Le look de Waldo? Un automate équipé d’une tête avec deux caméras lumineuses en place des yeux et d’un haut-parleur dissimulé derrière la fente qui lui sert de bouche. Son corps se divise en deux plateaux dont l’un repose sur trois roues qui lui servent à se déplacer. Sa principale innovation? Il est entièrement pilotable à distance. " Vous le laissez chez vous et pouvez en prendre le contrôle depuis n’importe quel endroit" , précise Laurent Boireau, le président d’Immersive Robotics.

Un robot et une sensation de "téléportation"

Pour le diriger, un simple ordinateur, un smartphone ou une tablette suffisent. Mais ses créateurs ont aussi choisi de s’appuyer sur la technologie de la réalité virtuelle, en plein boom, notamment dans l’univers des jeux vidéo. Waldo peut être livré avec un casque équipé d’un écran interne directement relié aux deux caméras. L’équipement permet de voir ce que voit l’humanoïde en 3D mais il capte également les mouvements de la tête.

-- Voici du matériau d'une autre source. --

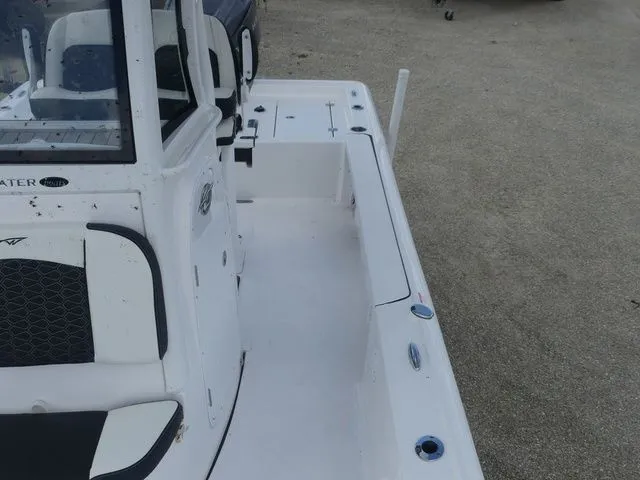 Slide: The Image of 2025 Tidewater 2410 Bay Max boat, side view on sand. - 16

En résumé, si l’on regarde à droite, il se tourne lui aussi vers la droite. Ainsi, une personne à l’hôpital ou qui ne peut se déplacer a, grâce au casque, la sensation d’être téléportée n’importe où. Mariage, repas de famille… : voilà désormais possible d’y être tout en n’y étant pas ! Sans compter que l’appareil, en plus d’être les yeux de son propriétaire, retransmet aussi sa voix et obéit à plusieurs commandes vocales.

Un robot et une autonomie plus grande

En option, Waldo peut être équipé d’un bras articulé capable de saisir des objets, d’actionner un interrupteur ou encore d’ouvrir une porte. Il se déplace aussi dans la maison quand il en reçoit l’ordre. Mais pour cela, il a besoin, au préalable d’une petit visite guidée des lieux afin de les identifier clairement et de se fabriquer une carte rien que pour sa mémoire interne à lui. Pour ses concepteurs, c’est aussi là toute sa richesse :  " Waldo peut surveiller votre domicile ou assister une personne à mobilité réduite, assure Laurent Boireau. Il éteint la lumière ou ramasse un objet va dans la cuisine ou suis la personne lorsqu’il en reçoit l’ordre" .

Actuellement, Immersive Robotics réalise les dernières améliorations de sa machine et espère la mettre sur le marché cet été. Son prix: 1 000 euros pour la version équipée du bras articulé. Son créateur assure également que le produit d’origine est prévu comme une plateforme à laquelle il sera possible d’ajouter de nouveaux accessoires comme un écran ou des prises d’alimentations pour téléphone. Un robot évolutif.